実際にあった事件を、創作ミステリーでくるんでしまい、話の中に上手に入れてしまうのを「嵌めモノ」と私は勝手に呼んでいる。
この新潮文庫はそれで、まぁ上手に嵌めてある。
名作、大作、のちのちまで残る作品というわけではないが、十分楽しめる。フィクションにしても、ダイアナを「なぜ、どう」殺したのかには興味が湧くと思う。なるほど、こうであってもおかしくない、という展開はミステリー小説らしいところ。
元英国海兵隊のカーバー、この男は事故に見せかけて悪人を始末する仕事をしている。仕掛け人ですね。仕事の発注元がいて、けっこうな金額で誰それを殺せといってくる。それをうまく果たしてため込んだ大金で、どこか島などでのんびり暮らすという主人公の小説はこれまでにもいないことはない。が、久しぶりに出会った。

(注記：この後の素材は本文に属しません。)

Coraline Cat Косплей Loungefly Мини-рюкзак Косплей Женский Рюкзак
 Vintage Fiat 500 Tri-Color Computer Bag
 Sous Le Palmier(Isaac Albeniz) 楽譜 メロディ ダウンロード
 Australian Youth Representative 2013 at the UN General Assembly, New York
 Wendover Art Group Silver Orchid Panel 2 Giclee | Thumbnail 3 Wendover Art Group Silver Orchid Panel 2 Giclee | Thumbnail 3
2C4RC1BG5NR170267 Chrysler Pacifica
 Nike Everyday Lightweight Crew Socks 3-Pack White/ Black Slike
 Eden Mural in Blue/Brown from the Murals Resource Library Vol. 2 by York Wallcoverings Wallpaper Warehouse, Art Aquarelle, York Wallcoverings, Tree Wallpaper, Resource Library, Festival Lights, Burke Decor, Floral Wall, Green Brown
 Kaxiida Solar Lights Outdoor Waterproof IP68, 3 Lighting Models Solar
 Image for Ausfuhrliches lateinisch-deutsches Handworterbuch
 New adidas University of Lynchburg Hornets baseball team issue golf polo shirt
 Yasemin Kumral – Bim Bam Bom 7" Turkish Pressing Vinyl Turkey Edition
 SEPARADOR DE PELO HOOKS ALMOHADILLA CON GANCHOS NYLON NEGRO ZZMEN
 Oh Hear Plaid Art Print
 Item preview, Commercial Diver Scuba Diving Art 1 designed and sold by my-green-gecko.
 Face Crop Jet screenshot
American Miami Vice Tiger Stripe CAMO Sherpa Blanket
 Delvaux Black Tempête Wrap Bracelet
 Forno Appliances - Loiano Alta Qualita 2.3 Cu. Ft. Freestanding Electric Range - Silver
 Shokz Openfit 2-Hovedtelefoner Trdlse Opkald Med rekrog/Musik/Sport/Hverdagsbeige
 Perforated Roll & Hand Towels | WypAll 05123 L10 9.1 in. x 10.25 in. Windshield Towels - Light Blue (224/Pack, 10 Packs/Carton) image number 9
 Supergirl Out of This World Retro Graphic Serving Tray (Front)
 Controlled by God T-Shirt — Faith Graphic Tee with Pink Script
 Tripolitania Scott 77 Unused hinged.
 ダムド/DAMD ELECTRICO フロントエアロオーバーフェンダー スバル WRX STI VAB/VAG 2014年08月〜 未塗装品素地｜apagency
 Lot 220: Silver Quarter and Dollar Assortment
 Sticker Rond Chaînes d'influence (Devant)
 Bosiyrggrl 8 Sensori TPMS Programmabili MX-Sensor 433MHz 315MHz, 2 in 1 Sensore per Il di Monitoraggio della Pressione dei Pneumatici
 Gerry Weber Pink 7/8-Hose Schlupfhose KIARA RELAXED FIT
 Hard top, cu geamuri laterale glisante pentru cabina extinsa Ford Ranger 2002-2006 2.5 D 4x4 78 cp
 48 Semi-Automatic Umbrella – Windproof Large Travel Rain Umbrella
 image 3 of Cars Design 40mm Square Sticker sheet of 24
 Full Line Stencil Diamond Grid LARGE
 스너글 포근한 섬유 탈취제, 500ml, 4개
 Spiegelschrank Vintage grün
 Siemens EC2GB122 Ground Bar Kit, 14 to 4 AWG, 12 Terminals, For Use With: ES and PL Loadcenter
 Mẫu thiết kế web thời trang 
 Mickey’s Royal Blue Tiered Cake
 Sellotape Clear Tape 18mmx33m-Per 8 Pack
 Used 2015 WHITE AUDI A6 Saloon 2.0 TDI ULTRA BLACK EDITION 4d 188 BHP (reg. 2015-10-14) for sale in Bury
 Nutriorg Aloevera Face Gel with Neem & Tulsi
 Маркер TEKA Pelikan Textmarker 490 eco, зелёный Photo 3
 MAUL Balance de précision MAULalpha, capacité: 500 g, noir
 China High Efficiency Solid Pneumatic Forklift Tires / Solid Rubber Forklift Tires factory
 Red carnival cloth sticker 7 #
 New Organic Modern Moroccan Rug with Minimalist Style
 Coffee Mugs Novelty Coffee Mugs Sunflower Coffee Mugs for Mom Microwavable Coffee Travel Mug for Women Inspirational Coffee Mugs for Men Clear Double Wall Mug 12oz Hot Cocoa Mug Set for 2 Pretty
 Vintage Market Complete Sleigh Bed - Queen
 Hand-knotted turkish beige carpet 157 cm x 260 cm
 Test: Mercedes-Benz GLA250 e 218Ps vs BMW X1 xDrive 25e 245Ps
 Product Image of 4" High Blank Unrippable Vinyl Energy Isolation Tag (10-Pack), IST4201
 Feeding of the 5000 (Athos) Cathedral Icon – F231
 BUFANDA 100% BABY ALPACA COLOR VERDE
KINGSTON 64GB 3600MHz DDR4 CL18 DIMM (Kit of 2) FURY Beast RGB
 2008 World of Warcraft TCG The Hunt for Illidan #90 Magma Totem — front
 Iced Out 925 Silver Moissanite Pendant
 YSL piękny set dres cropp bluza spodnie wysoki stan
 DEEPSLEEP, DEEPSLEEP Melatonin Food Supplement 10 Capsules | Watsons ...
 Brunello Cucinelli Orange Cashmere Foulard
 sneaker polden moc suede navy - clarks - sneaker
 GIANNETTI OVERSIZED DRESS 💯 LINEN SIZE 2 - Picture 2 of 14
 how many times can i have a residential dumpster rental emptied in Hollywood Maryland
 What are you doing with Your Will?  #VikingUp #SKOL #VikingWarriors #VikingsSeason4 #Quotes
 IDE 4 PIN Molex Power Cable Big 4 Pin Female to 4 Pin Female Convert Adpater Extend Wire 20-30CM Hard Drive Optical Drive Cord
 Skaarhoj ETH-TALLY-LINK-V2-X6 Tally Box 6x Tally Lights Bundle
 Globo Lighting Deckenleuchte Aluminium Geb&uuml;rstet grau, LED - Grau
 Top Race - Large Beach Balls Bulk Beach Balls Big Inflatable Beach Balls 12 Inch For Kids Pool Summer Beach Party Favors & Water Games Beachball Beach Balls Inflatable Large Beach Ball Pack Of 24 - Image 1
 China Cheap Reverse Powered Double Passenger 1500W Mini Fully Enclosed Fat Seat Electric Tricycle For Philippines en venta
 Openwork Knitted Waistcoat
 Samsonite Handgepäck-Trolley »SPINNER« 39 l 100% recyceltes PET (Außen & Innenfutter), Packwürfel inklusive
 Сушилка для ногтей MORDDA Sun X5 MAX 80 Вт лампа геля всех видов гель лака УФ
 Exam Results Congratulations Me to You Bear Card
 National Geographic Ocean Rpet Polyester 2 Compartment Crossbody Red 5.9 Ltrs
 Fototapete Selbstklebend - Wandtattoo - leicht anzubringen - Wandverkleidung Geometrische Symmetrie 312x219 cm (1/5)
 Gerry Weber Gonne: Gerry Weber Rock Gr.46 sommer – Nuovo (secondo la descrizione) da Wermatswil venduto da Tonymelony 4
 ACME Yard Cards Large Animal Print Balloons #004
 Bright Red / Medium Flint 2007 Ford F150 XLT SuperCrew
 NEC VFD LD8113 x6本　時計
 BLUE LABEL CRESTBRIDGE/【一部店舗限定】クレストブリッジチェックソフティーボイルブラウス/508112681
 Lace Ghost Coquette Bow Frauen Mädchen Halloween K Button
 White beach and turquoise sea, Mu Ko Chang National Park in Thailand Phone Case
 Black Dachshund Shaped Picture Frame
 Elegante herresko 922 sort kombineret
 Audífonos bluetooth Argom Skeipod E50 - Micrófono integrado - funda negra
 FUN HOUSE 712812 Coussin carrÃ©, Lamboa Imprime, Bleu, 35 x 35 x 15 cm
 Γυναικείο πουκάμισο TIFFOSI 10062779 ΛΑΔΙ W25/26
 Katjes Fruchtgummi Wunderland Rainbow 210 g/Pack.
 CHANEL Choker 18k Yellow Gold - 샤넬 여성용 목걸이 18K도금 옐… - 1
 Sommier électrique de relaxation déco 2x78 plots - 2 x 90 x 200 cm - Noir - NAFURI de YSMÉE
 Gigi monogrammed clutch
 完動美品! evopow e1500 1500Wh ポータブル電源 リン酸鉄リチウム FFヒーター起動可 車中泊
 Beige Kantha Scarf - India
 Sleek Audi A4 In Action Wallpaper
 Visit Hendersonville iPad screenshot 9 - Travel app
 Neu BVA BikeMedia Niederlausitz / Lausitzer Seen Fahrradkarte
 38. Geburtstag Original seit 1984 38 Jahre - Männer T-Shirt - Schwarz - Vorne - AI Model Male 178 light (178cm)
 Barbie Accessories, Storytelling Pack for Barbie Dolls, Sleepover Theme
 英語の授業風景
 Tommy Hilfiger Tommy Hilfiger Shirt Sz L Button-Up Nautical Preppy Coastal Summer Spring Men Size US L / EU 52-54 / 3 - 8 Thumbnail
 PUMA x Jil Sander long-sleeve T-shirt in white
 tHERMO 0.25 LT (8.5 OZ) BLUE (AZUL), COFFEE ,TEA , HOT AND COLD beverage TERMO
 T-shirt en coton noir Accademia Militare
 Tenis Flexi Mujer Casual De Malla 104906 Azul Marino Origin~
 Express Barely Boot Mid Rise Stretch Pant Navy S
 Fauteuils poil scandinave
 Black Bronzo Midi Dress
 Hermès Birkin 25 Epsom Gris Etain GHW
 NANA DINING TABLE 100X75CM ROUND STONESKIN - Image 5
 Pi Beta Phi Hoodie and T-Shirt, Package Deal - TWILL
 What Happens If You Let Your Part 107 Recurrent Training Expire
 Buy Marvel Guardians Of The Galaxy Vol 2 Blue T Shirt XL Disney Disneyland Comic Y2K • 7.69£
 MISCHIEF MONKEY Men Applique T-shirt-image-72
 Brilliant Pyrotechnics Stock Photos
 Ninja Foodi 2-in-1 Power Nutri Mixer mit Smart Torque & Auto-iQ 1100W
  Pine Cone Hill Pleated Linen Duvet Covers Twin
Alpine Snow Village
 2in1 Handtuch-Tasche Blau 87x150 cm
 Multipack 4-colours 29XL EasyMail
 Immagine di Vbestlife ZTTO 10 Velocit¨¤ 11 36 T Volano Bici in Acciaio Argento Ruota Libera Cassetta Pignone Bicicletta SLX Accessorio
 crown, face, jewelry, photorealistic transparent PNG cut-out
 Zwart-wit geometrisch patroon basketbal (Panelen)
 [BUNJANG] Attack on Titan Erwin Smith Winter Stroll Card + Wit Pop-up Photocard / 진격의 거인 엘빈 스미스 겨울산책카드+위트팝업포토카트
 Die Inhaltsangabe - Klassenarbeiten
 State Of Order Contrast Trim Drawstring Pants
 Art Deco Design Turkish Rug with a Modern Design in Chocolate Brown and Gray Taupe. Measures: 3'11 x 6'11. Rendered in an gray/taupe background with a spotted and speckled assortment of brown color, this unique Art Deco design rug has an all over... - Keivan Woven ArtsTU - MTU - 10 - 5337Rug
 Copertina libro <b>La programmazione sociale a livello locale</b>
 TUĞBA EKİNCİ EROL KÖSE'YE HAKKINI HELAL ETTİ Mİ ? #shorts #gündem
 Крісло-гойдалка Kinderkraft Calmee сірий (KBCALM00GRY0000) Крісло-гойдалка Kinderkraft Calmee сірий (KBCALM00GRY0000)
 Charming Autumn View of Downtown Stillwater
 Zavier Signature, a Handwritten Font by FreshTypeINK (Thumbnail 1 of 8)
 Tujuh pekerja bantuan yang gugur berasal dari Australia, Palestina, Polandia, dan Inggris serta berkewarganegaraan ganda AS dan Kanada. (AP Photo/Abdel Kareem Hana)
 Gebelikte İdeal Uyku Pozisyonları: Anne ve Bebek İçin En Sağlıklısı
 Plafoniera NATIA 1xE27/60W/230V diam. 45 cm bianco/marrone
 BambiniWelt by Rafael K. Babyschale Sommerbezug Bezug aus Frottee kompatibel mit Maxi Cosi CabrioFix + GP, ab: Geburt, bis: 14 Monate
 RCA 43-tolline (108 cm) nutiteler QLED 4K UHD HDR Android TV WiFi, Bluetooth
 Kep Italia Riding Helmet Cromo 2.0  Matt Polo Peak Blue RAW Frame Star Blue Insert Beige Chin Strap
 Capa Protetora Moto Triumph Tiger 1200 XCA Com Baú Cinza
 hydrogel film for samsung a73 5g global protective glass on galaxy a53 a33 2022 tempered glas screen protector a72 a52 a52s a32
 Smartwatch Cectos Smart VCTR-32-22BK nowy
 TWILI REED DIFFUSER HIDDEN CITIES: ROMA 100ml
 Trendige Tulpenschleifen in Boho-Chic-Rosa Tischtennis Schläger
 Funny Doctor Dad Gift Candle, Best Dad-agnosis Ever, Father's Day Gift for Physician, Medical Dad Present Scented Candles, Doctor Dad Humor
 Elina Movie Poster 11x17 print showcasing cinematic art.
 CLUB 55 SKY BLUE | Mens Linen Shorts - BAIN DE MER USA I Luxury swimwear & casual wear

「元」なんとか、というのが好かれるのか、ミステリー分野にはかなりいる。
さて、本を開くと「もう仕事にかかっている」ところで、猛烈な速度で走るベンツと、それを追いかける何台かの「パパラッチ」のバイクという状況の中にカーバーもいる。その高速で走っている車の中には、見えないけれど、悪辣なテロリストがいて、ヤツを殺してくれというのが今回の依頼。ある手段を用いて、事故に見せかけてその車を大破させることに成功する。ここまではほぼ実際の事件を下敷きにしているのだろう。
と、その直後から、車を追いかけていたバイクの中に、カーバーの命を奪おうと襲ってくる者がいることに気づく。
「俺を始末する気だ!」。
という始まりで、はじめから走りっぱなしで大変。
その場は何とか助かり、逃げおおして、テレビでニュースを見ると、大破させた車に乗っていたのはテロリストではなく、ダイアナ妃であることがわかる。小説の中では「ダイアナ妃」とは書かないのだが。
愕然!!!
その時点では、はっきり「死」の報道は流れていないが、俺が殺してしまったのはダイアナだった! である。
俺を騙してプリンセスを殺させた上に、それが永遠にばれないようにと俺を殺せとも命じた者がいる、その向こうに金を出して全体を計画した者もいるのだろう。
そいつらを見つけ出して殺さないでは気が済まない、という、話としては単純な、筋道のたどりやすい小説である。でも、そこに、英仏の情報部、警察機構、ロシアンマフィアとにぎやかな人々が集まってきて、依頼が成功したことを喜んでいる者、しかし、カーバーを始末できなかったことでいきり立っている者、全体を知っていて秘密を守りたい者、他人の仕業ではあるがそれを利用して自分の地位を優位にしたい者などが陰惨な争いを繰り広げるという話である。
誰が、なぜ、プリンセスを殺せと依頼したか。彼女が世界的に人気のある存在であって、ある行動に情熱を注ぎ始めたことによって、損害を被る者がいるのだ。そいつが、仕事の大元。
実際には、昨2008年に、あれは全くの事故であって、誰かが仕組んだとか、陰謀だとかいうことはないという調査結果が発表になったが、この小説を読むと、んん、こうであってもおかしくないと感じさせる。その辺の嵌め込み方が上手。
最近、国際的な事件に主人公が関わるミステリーに、非常の多くのロシアンマフィアが登場する。KGBの幹部だった人間が政府の払い下げの武器だの、施設だの、工場だのを安く手に入れてそれで巨額の金を儲けて、裏の世界で強大な組織的力を持つに至る、という前提。カーバーは自分の腕を信じる一匹狼でいこうとはしているが、裏の組織が完備されて、仕事をきちんと果たしたかどうかを二重三重に見張られたり、「お前がイヤなら他にいくらもいる」といわれると、なかなか一匹狼では立ち向かえない。組織を利用してやろうとしても、実は使用されてしまう。挙げ句、始末されてしまいそうになるということに。殺し屋もつらいよ、ではある。
『黒衣の処刑人』というのはあまり上手なタイトルとは思えないけれど、新幹線や飛行機で旅するときの時間を埋めるのにちょうどいい本。じっくり腰を据えて読むという深さはないけれど、小説家の「技」が生きている。読ませ上手とでもいうか、面白い。とはいうものの、読後感が「重い」ので覚悟して読んでください。